After mouth cancer is diagnosed, a doctor determines the stage of the patient’s cancer. First, they inspect the patient’s throat using a small camera to determine if the signs of cancer spread beyond the mouth. Image tests, such as X-rays, CT scans, and MRI’s may also be used. Mouth and oral cancers are separated into four stages, including:

  • Stage I the cancerous tumor is smaller than 2 cm across and is only found in the oral cavity.
  • Stage II the cancerous tumor is between 2 cm and 4 cm across and is only found in the oral cavity.
  • Stage III the cancerous tumor is larger than 4 cm across and is only found in the oral cavity.
  • Stage IV — the cancerous tumor may be any size. Although, it is considered stage four when cancer spreads beyond the oral cavity to the neck or head.

Cancer Treatment Options

Depending on the stage of oral cancer (I, II, III, IV) and the location of the tumor or lesion, a patient will undergo a series of treatments and procedures. This may include surgery, radiation, chemotherapy, or a combination of the three. During oral cancer treatment, your dentist will work with an oral surgeon and an oncologist to coordinate your cancer treatment. First, an oral and maxillofacial surgeon removes the cancerous oral tumor. Then a patient undergoes radiation and chemotherapy (if necessary).

Surgical Options

There are three surgical treatment options available for oral cancer, including:

Tumor Removal

Small oral cancers, such as Stage I tumors, are typically removed through minor surgery. An oral surgeon will remove the cancerous cells along with healthy tissues surrounding the area to ensure the cancer is removed completely. Larger tumors may require partial removal of the jawbone or tongue depending on the location and severity. 

Neck Cancer Removal (Stage IV)

Large oral cancers (stage IV) commonly spread to the lymph nodes of the neck. The surgeon will remove the cancerous cells, lymph nodes, and surrounding neck tissues to ensure the cancer is completely removed. 

Mouth Reconstruction (if necessary)

Oral cancer removal is an invasive surgical procedure.
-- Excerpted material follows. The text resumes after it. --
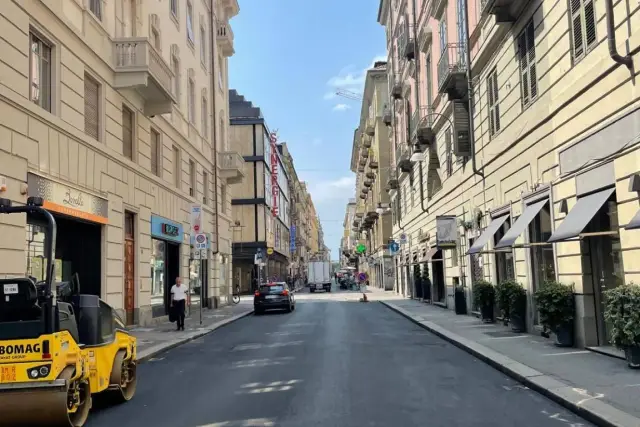 Shop in Via Giovanni Giolitti 18, Torino - Photo 1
Oral and maxillofacial surgeons may recommend skin, muscle, or bone grafts from other parts of a patient’s body to reconstruct the mouth after surgery. Many times, especially for Stage IV patients, dental implants are used to replace damaged natural teeth. 


Radiation is a common treatment used for all types of cancers. Radiation therapy uses external beam radiation, x-rays, and protons to kill cancer cells. For oral cancer patients, radiation is used after surgery. In early cases, surgery is always used ahead of radiation, so I think this statement is backward. For more severe cases, surgery, radiation, and chemotherapy are all necessary. 


Chemotherapy is the most widely used treatment that uses chemicals to kill cancer cells. Radiation and chemotherapy are often combined to increase the effectiveness of both treatments. Common side effects of chemotherapy include hair loss, weight loss, vomiting, and nausea.